Underlying George Lois' work, there is a passion that we do not see today. We are so concerned with big data and focusing on micro-segmenting that we can't "see the forest for the trees." We rely on SEO and the ongoing dependence on analytics to justify to clients that we know what we are doing. STEM now supersedes creativity. No wonder the ad agency model is becoming so redundant.
This situation is no different than the "packaged goods" reaction to the creative revolution of the 1960s. Then, its focus was on market segmenting to the point that market research became self-serving, so as to justify to clients that the money they spent on the template advertising they created was well-invested.
Now with digital technology, we have evolved to micro-segmenting, and in the process have lost the fact that advertising is meant to deliver a message to a mass audience. What's happened is that the delivery tool (digital media) has overtaken the content (creativity) in importance. And the ability for the content to re-establish its importance is severely impeded by the fact that digital is one-to-one media, not mass-driven.
What ever happened to the "big idea" George so aptly referred to as the basis of great advertising? It's there in his archives. It's in his incredibly well-developed presentations and the actual advertising he created that was simply based on differentiating his clients' products from the competition. And he did this not by relying on an overabundance of market research, but on an understanding of our culture. For George, the creative may seem outrageous, but if the "big idea" is boldly memorable, the strategy naturally springs from it.
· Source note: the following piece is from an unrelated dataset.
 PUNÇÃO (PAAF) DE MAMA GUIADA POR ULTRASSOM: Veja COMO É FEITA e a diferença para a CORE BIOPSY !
But these archives provide even more of an understanding as to why Mary Wells in "The Real Mad Men of Madison Avenue" refers to George as the "rock star" of the advertising creative revolution. Underlying the passion behind the work is the fact that Mr. Lois embraces advertising -- a field that even some in the business consider deceptive. By his doing so, he helps us to better learn life lessons.
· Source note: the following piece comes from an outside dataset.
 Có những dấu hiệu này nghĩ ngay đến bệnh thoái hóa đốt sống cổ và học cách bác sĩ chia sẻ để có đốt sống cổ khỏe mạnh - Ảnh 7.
Some of his endeavors include: his friendship with Paul Robeson; boldly fighting McCarthyism at CBS television; his vital roles with Robert Kennedy and other major politicians; his iconic "Esquire" covers -- initially received as jarring and prescient statements, which have since become essential to the iconography of American culture; his collaborating with Doctor Benjamin Spock and the Committee for Sane Nuclear Testing (SANE), which was instrumental in generating support for the passage of the Test Ban Treaty of 1963; his dynamic relationship with Muhammad Ali; and his effort in helping Rubin "Hurricane" Carter reverse his unjust murder conviction.
George's breakthrough work was the spark that enabled advertising to transcend simply selling products. And even when he dealt with the selling of those traditional products, there was an understanding of our culture that enabled the work to survive beyond the life of the product.
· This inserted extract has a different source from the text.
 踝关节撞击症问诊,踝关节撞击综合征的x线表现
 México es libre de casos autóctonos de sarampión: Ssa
There is no distinction between his ethics, passion and beliefs, as so reflected in the archives. I learned this firsthand as a fledgling account executive at Lois Holland Callaway, where I had a front-row seat as the agency came to grips with the loss of the Cutty Sark Scotch account -- its largest piece of business -- because George refused to stop working for a retrial for Rubin "Hurricane" Carter. It never crossed my mind until later that in advertising, art, commerce and morality often merge, and incredibly hard choices have to be made.
George made those choices and, in doing so, his actions, in keeping with his work, made the craft called advertising noble. It is the gift of these archives that provide future advertising professionals the opportunity to not only examine the past 60 years, but to apply the lessons from them to help the discipline called advertising recapture its lost luster.